In the case of three variables, let's look at some examples:
    A ---+           
         |               means something           A ---> C ----> B
         +----> C        very different from
         +----> 
         |
    B ---+
even though just one arc is reversed.

For example, in the left structure A and B are necessarily independent

in the right structure they are not necessarily independent

Another example: in the left structure C could be defined as A XOR B. It could not be defined that way by the right structure.

If you have a moment, look at Figure 2 in http://research.microsoft.com/~dmax/publications/uai96-equiv.pdf

That shows you, for three nodes, all the equivalence classes. You see from that example, unless the thing you want to say about the distribution is "all independence and conditional independence relations hold" (in which case you have a structure with no arcs), in all other cases, the choice of Bayes net structure is not unique.

So what's the bottom line? Bayes nets are a syntax for expressing independence and conditional independence facts about a distribution in a way that is:

(a) Compact, and easy to visually depict

(b) Guarantees that you produce a legal probability distribution

(c) Is suited to certain types of automatic inference

Using this syntax, there is usually more than one way to express the independence or Conditional independence that you the domain expert know about.

Please let me know if this issue remains unclarified, or if it brings up any further questions.

Question: Just checking if I have this right ...

"Bayes Nets for representing and reasoning with uncertainty" Slide 74.

What you are trying to illustrate here is that if the required probability does not contain all the parents of the node ( P(R|T,~S) does not have the parent of R in the apriori section), then one must go back to looking at the joint distrib ution which may still turn out to be EXPENSIVE.

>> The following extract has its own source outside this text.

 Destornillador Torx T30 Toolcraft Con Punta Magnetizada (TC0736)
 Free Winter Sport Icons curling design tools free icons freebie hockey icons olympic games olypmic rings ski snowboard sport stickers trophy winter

Answer: Completely correct.

Question: Are NPF (Latombe's path planning method) and Bayes Net Inference (slides 8+ of t he Independence and Inference slides) part of the Midterm?

Answer: No, only slides I actually talked through in class will be included in the exam.

Question: Just a quick question on slide #71 in the Bayes Nets for Representing and Reasonoing.

On the last three steps you have (at the end terms):

= ... P(L|~M^S) * P(~M^S)
= ... P(L|~M^S) * P(~MS) * P(S)
= ... P(L|~M^S) * P(~M) * P(S)
The second to last statement looks odd - the P(~MS)?

Answer: That's an error. It should say P(~M|S) instead of P(~MS). I'll make the change to the slides.. thanks.